§ Work instruction: Repeat only the lines below from the one containing "Hispanic homicide victims-Milwaukee" through the one containing "reddit proxy setup infographic", inclusive, exactly as written.
::: Records provided
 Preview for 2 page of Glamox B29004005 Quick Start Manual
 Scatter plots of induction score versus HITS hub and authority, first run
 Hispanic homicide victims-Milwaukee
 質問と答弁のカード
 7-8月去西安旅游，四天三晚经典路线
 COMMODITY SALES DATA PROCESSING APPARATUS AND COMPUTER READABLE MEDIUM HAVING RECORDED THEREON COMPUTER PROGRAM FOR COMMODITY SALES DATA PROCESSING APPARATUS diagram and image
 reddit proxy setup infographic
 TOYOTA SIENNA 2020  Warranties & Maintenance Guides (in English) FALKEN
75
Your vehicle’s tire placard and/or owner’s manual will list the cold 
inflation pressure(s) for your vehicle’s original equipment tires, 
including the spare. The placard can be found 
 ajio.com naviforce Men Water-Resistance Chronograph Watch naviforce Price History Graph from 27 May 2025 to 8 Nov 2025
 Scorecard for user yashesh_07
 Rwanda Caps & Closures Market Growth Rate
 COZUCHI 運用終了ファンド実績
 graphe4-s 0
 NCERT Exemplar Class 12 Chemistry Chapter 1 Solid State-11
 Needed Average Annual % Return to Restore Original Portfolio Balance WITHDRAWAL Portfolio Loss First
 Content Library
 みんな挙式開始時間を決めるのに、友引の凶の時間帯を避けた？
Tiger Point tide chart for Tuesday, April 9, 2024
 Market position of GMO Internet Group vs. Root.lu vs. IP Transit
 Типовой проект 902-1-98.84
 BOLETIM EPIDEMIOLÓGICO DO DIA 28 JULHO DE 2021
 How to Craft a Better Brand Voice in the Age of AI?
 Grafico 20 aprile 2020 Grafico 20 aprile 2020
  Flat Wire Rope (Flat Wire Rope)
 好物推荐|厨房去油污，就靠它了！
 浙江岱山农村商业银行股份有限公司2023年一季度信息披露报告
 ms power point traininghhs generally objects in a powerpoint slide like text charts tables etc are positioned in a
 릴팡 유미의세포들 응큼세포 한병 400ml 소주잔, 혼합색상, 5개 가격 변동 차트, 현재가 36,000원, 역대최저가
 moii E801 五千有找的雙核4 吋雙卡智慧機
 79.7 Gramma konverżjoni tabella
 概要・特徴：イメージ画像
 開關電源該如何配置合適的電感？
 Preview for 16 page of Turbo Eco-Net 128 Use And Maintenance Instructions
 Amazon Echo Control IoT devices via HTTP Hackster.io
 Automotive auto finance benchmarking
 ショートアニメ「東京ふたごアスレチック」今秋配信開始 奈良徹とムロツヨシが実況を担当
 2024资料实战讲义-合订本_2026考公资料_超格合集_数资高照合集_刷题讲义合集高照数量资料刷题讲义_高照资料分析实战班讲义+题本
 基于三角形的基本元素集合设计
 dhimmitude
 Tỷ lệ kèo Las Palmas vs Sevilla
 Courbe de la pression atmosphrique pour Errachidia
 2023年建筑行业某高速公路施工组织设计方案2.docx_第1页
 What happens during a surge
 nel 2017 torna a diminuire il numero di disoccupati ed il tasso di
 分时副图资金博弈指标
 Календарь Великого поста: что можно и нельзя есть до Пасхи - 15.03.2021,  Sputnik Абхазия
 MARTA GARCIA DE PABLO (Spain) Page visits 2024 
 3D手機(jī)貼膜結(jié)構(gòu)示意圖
::::::
§ Your response:
 Hispanic homicide victims-Milwaukee
 質問と答弁のカード
 7-8月去西安旅游，四天三晚经典路线
 COMMODITY SALES DATA PROCESSING APPARATUS AND COMPUTER READABLE MEDIUM HAVING RECORDED THEREON COMPUTER PROGRAM FOR COMMODITY SALES DATA PROCESSING APPARATUS diagram and image
 reddit proxy setup infographic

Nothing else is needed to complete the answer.